The astronomers called the newly discovered planet as PDS 70 c. This gas giant is of similar size as that of Jupiter. It is revolving around a young, low-mass star located at an estimated distance of around 370 light years from the Earth.
The astronomers used Atacama Large Millimeter Array (ALMA) to detect the radio waves emitted by the dust particles encircling the entire system. It’s orbiting the star at an approximate distance of 5.31 billion kilometers.
With the help of these observations, scientists were also able to estimate the concentration of dust around the planet.
The astronomers believe this is another circumplanetary disc. Just as the protoplanetary discs around young stars eventually merge into planets, it seems like that this disc will eventually clump together into moons.
One of the astronomers from Rice University, Andrea Isella, stated that it was for the first time, they were able to easily see the telltale signs of a circumplanetary disc.

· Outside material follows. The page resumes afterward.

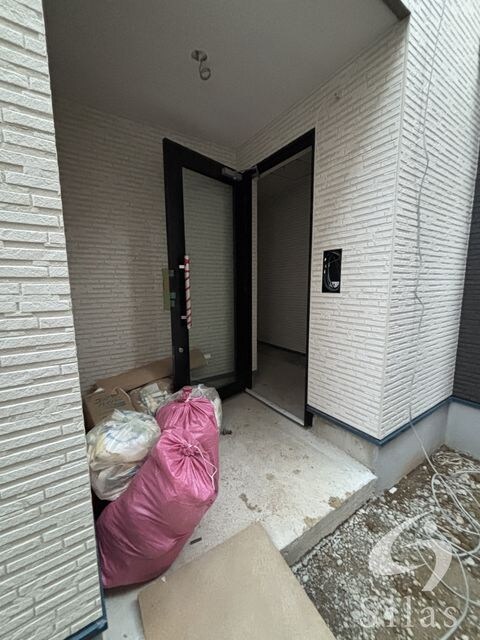 豊中駅 徒歩8分 2階の物件外観写真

This discovery will support many of the existing theories related to the formation of planets.
They compared their observations with the high-resolution optical and infrared images. They concluded that an enigmatic concentration of tiny dust particles is actually a planet-girding disk of dust. They had observed this feature for the first time ever.

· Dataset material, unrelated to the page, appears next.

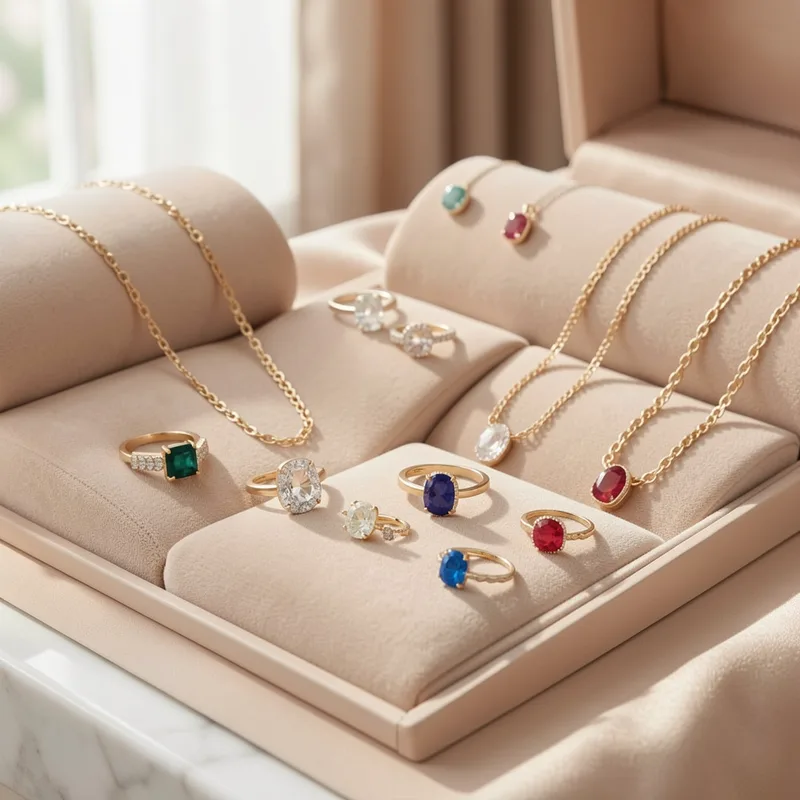 Les bijoux tendances à adopter cette saison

The dust rings around such planets are very different from the rings of Saturn, which are estimated to be about 100 million years old only. While the Solar System has an age of 4.5 billion years. The rings of Saturn planet are made up of ice, dust, and rocks. They are thought to be the debris from asteroids and comets. It’s also possible that broken parts of moons also contributed to the ring formation around the planet.
The ring around PDS 70 c is at a much earlier age. Its star is just 10 million years old while the planet barely formed in this duration.
The scientists think that after the formation of the cores, the process of accretion is very similar among stars and planets. Similarly, the formation of the material swirling around them in a disc and falling onto the object and increasing the mass of the planet is also similar. In case of a star, the material that’s left over during this process ends up forming planets.